> _Work item_:
The full listing, minus its pictures, should be printed again exactly as it stands.

> _Listed entries_:

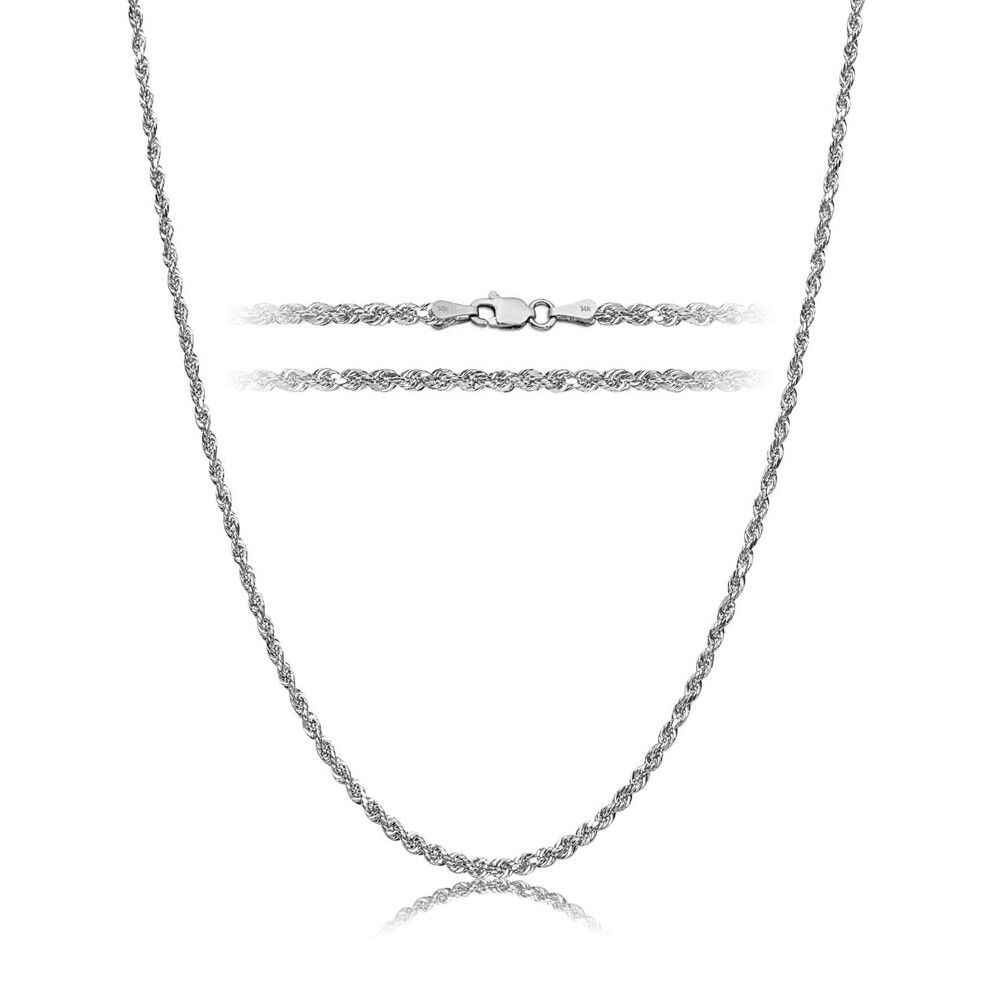 Solid 10k White Gold 3mm 22 inch Diamond Cut Rope Chain Necklace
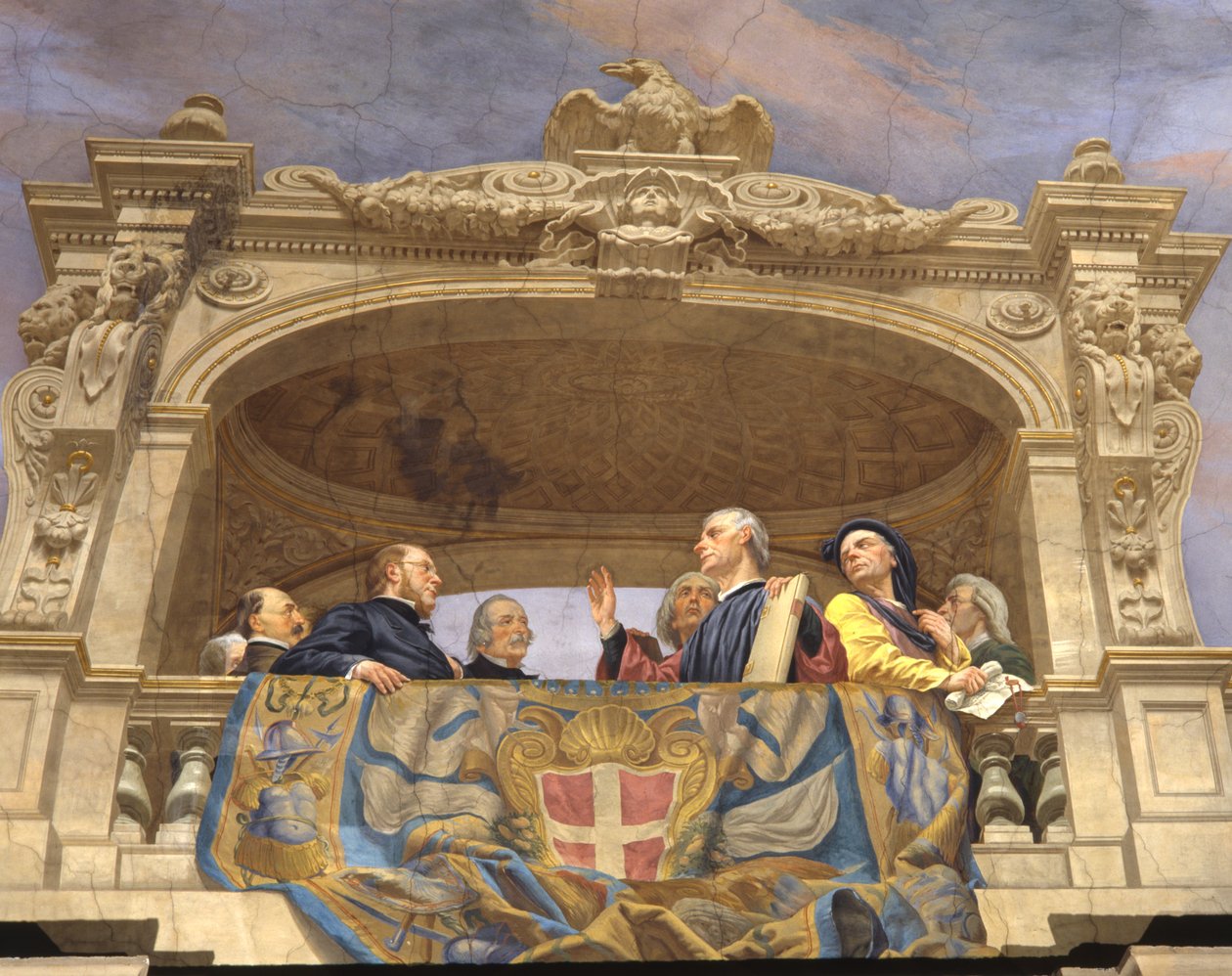Macchiavelli, A. Gentili, Pier Capponi ja Cavour (yksityiskohta numerosta 3433390) tekijältä Cesare Mariani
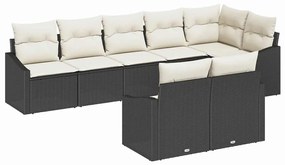 vidaXL Σετ Καναπέ Κήπου 8 pcs Μαύρο Πολυ ράταν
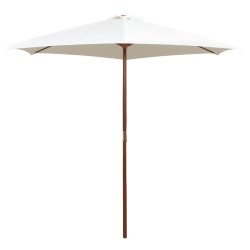 vidaXL Sonnenschirm 270×270 cm Holzstange Cremeweiß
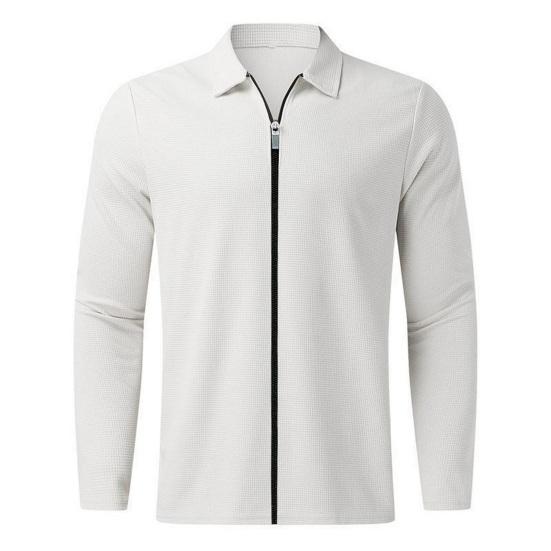 MR91EY Heren overhemd herfst winter effen kleur lange ademende mouw revers ritssluiting buitensport T-shirt XL wit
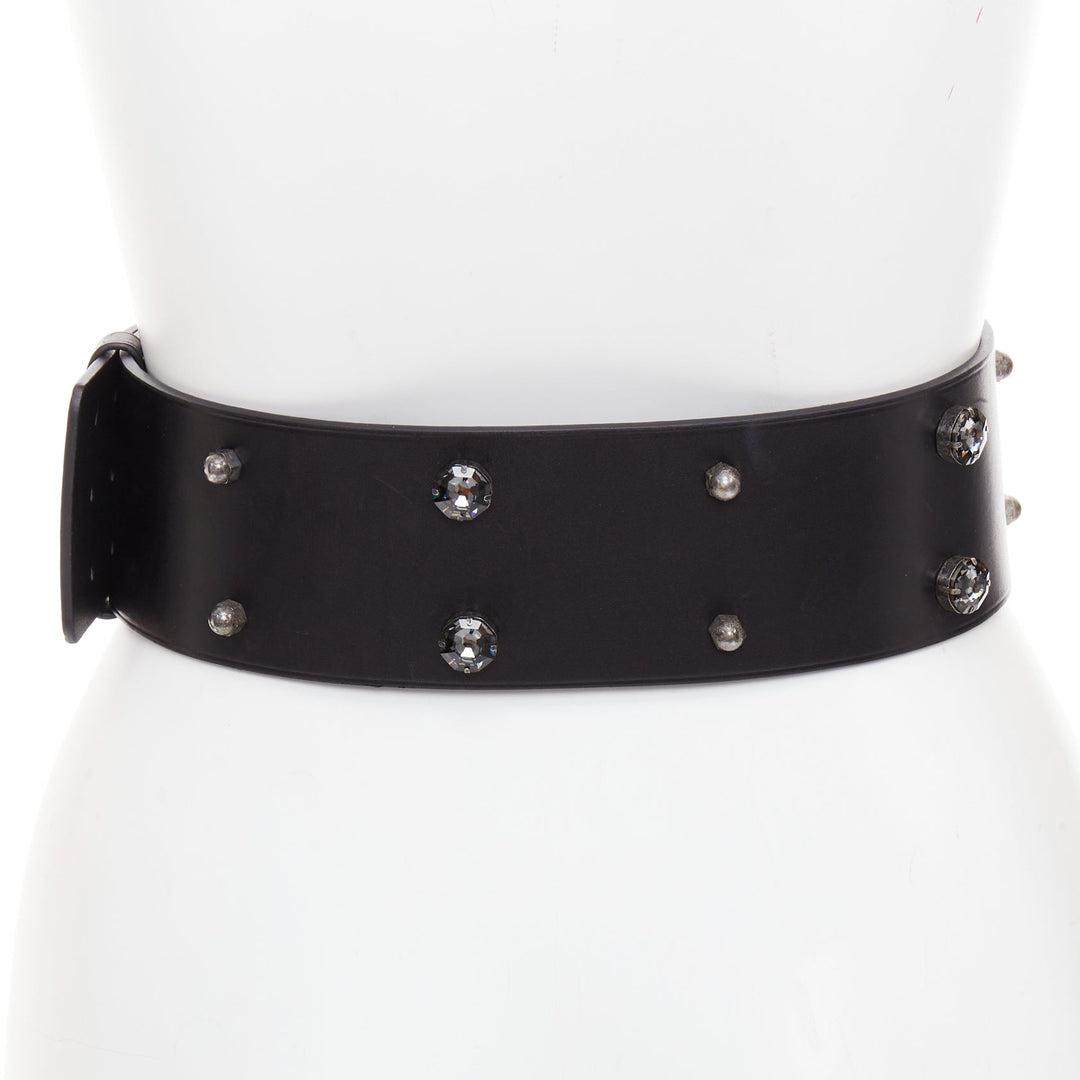 LANVIN black calfskin leather crystal embellished panelled statement belt S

> _Output of the task_:
 Solid 10k White Gold 3mm 22 inch Diamond Cut Rope Chain Necklace
Macchiavelli, A. Gentili, Pier Capponi ja Cavour (yksityiskohta numerosta 3433390) tekijältä Cesare Mariani
 vidaXL Σετ Καναπέ Κήπου 8 pcs Μαύρο Πολυ ράταν
 vidaXL Sonnenschirm 270×270 cm Holzstange Cremeweiß
 MR91EY Heren overhemd herfst winter effen kleur lange ademende mouw revers ritssluiting buitensport T-shirt XL wit
 LANVIN black calfskin leather crystal embellished panelled statement belt S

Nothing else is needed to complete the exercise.